You are viewing a plain text version of this content. The canonical link for it is here.
Posted to dev@tika.apache.org by Rida Benjelloun <ri...@doculibre.com> on 2007/10/10 18:28:36 UTC

Tika Xml Outputter

Hi,
Do you think that we should have a XmlOutputter that save the extracted
content and metadata in XML file ? This will simplify integration with other
technologies like Solr for example.
The XmlOutputter will process File (File or Directory recursively) and Url.
Will use XSLT as a filter to masque or display the elements needed and an
output encoding :
Example
TikaXmlOutputter txo = new TikaXmlOutputter()
txo.output(File|URL input, File xmlOutput, File xsltFilter, String
encoding);

Regards.

Re: Tika Xml Outputter

Posted by Rida Benjelloun <ri...@doculibre.com>.
Hi Chris,
Thanks for this information, I will take a look on it and I will communicate
with you.
Regards.

2007/10/10, Chris Mattmann <ch...@jpl.nasa.gov>:
>
> Hi Rida,
>
> I agree totally! You should take a look at the MarkupLanguageProposal
> (within Nutch http://wiki.apache.org/nutch/MarkupLanguageParserProposal)
> and
> the work done in Frutch
> (http://www.krugle.com/kse/files?query=frutch%20parse%20out) on the
> ParseXml
> plugin.
>
> I'd love to chat with you more about this. Let me know what you think.
>
> Thanks,
> Chris
>
>
>
> On 10/10/07 9:28 AM, "Rida Benjelloun" <ri...@doculibre.com>
> wrote:
>
> > Hi,
> > Do you think that we should have a XmlOutputter that save the extracted
> > content and metadata in XML file ? This will simplify integration with
> other
> > technologies like Solr for example.
> > The XmlOutputter will process File (File or Directory recursively) and
> Url.
> > Will use XSLT as a filter to masque or display the elements needed and
> an
> > output encoding :
> > Example
> > TikaXmlOutputter txo = new TikaXmlOutputter()
> > txo.output(File|URL input, File xmlOutput, File xsltFilter, String
> > encoding);
> >
> > Regards.
>
> ______________________________________________
> Chris Mattmann, Ph.D.
> Chris.Mattmann@jpl.nasa.gov
> Cognizant Development Engineer
> Early Detection Research Network Project
>
> _________________________________________________
> Jet Propulsion Laboratory            Pasadena, CA
> Office: 171-266B                     Mailstop:  171-246
> _______________________________________________________
>
> Disclaimer:  The opinions presented within are my own and do not reflect
> those of either NASA, JPL, or the California Institute of Technology.
>
>
>

Re: Tika Xml Outputter

Posted by Chris Mattmann <ch...@jpl.nasa.gov>.
Hi Rida,

 I agree totally!
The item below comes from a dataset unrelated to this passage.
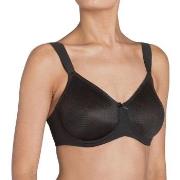 Triumph BH Essential Minimizer W Svart E 80 Dame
You should take a look at the MarkupLanguageProposal
(within Nutch http://wiki.apache.org/nutch/MarkupLanguageParserProposal) and
the work done in Frutch
(http://www.krugle.com/kse/files?query=frutch%20parse%20out) on the ParseXml
plugin.

 I'd love to chat with you more about this. Let me know what you think.

Thanks,
 Chris



On 10/10/07 9:28 AM, "Rida Benjelloun" <ri...@doculibre.com>
wrote:

> Hi,
> Do you think that we should have a XmlOutputter that save the extracted
> content and metadata in XML file ? This will simplify integration with other
> technologies like Solr for example.
> The XmlOutputter will process File (File or Directory recursively) and Url.
> Will use XSLT as a filter to masque or display the elements needed and an
> output encoding :
> Example
> TikaXmlOutputter txo = new TikaXmlOutputter()
> txo.output(File|URL input, File xmlOutput, File xsltFilter, String
> encoding);
> 
> Regards.

______________________________________________
Chris Mattmann, Ph.D.
Chris.Mattmann@jpl.nasa.gov
Cognizant Development Engineer
Early Detection Research Network Project

_________________________________________________
Jet Propulsion Laboratory            Pasadena, CA
Office: 171-266B                     Mailstop:  171-246
_______________________________________________________

Disclaimer:  The opinions presented within are my own and do not reflect
those of either NASA, JPL, or the California Institute of Technology.